Last month, Apple’s latest earnings call announced its “most successful year ever.” The numbers were reported, the stories were spun and Wall Street basically anointed Apple the god of capitalism.
They’re all wrong.
The actual story, the story we should be telling, involves a different narrative. Apple is the largest company in the world, but success is fleeting. While the numbers are impressive, they don’t come close to painting an accurate picture about how much trouble Apple is really in.
Apple’s rise under Steve Jobs was historic. Its fall under Tim Cook is going to be much slower, more painful.
What the recent earnings statement tells us
Tim Cook can spend days waxing poetic about profits but even a modicum of ability to read between the lines is all it takes to realize it’s mostly bullshit.
Overall revenue looks great, but the iPhone actually missed Wall Street’s projections this quarter. On Wall Street, this is nothing new, unless we’re talking about Apple.
Apple rarely misses its numbers. In fact, it often overshoots them by such a large margin you wonder just how qualified the analysts making the predictions really are.
This year is different. Apple swung. Apple missed.
That’s not to say it wasn’t an impressive year, it’s just the first in a series of events that don’t mean much individually, but when connected tell a bigger story.
Apple lives and dies by the iPhone. iPad sales are flat, iPod’s are all but irrelevant, and while Mac sales are up, they’re nowhere close to the workhorse that can continue to carry Apple should they experience a downturn in iPhone sales. There is no Plan B.
One look at the numbers tells a pretty decisive tale.
Percentage of revenue derived from iPhone sales:
- 2012: 46.38%
- 2013: 52.07%
- 2014: 56.21%
- 2015: 62.54%
What made Apple an iconic brand is gone
Steve Jobs is almost entirely responsible for Apple’s cult-like following.
By streamlining the company in an attempt to make it profitable, the same vision started to makes its way through every product Apple created. Rather than bloated and flashy, Jobs created a movement of decidedly minimalist devices that required not much more than an occasional charge and a user that knew where the power button was.
“It just works” became a battle cry.
The products might not have been innovative in a creation sense, but the execution far exceeded anything we’d seen to that point, or perhaps since. They weren’t flashy, cheap, or the most powerful, but they “just worked” better than anything else on the market at the time. People took notice.
Between aesthetically pleasing design, rock-solid hardware, and software that responded as if it were built for the machine – not in spite of it – Apple culture became a cult of Jobs-worshipping consumers willing to buy anything with a lowercase “i” in front of it.
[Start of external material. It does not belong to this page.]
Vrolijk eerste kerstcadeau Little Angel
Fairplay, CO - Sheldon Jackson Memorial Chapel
I was, and still am to a large degree, one of them.
Apple products feel as close to perfect in both design and operation as any piece of technology I’ve ever used.
The beginning of the end
When you reach a peak, all that is left is the inevitable fall. Apple might not quite be there yet, but its on the edge and looking over the side.
What made Apple cool is now being glossed over as Apple becomes any other company with a profit motive. We once watched as Jobs and his eye for detail created technology that was just short of perfection. Now we watch as Tim Cook eyes Wall Street and spins earnings reports.
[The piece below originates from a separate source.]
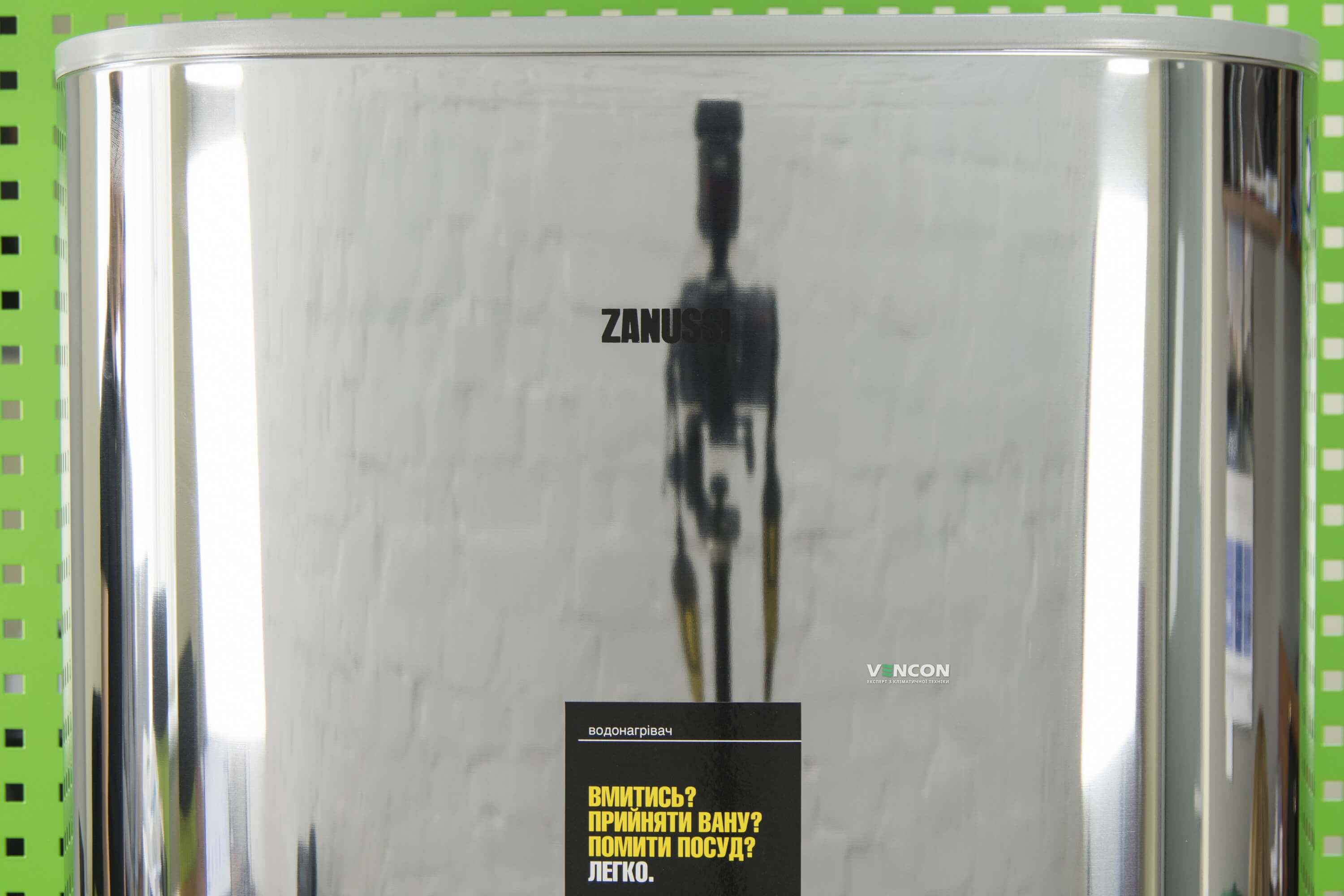 Водонагрівач Zanussi ZWH/S 50 Splendore Silver відгуки - зображення 5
The software that “just worked” is slow and glitchy. The hardware is buggy and underpowered. The form factor that once captivated the world has now become drab, copied ad-nauseam and ho-hum.
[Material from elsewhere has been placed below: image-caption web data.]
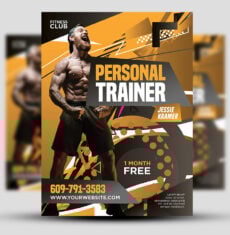Personal Trainer Flyer 2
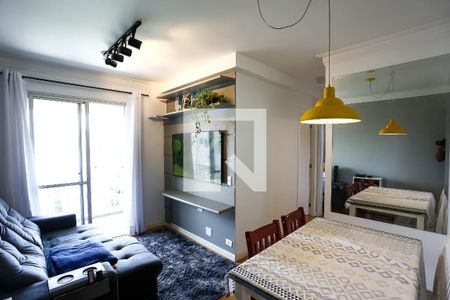 Sala de apartamento para alugar com 2 quartos, 50m² em Jardim Ampliação, São Paulo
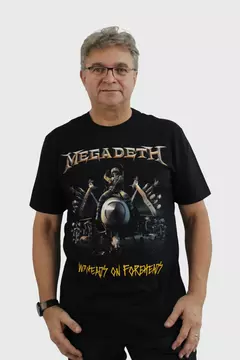 Camiseta Megadeth - Warheads on Foreheads - comprar online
And these are just the problems that Apple has a legitimate chance to fix.
There are larger issues on the horizon: For example, how does Apple compete with Windows and Android?
Both have proven to be amazingly adept in recent years not only at competing with Apple in form factor, but functionality as well.
Two companies that are innovating, not searching for identity outside of a singular product.
Two companies that are on the way up, not down.
Apple must find its next big product
The iPhone 6s is widely thought to be one of the best – if not the best – smartphones on the market. Great, but we already knew that Apple could make phones. What we need is a Plan B should phone sales suddenly reach a plateau, or worse yet, decline.
The Apple Watch is great, but it’s never going to carry Apple like the iPhone until it works like one. The watch is undeniably cool, but it really fails to do anything better than your phone.
To make matters worse, you have to have an iPhone close by in order to even use most of its features. Similar Android models are self-contained and only require an occasional sync.
The autonomous car project sounds promising, but competing against Google and Tesla in addition to auto industry giants like Lexus and Mercedes is an uphill battle full of technology challenges, government red tape and changing century-old transportation conventions.
So what’s the next big thing?
I don’t know. Apple doesn’t seem to either. But until it figures it out, Apple is just the next in a long line of once great companies whose best days are behind it.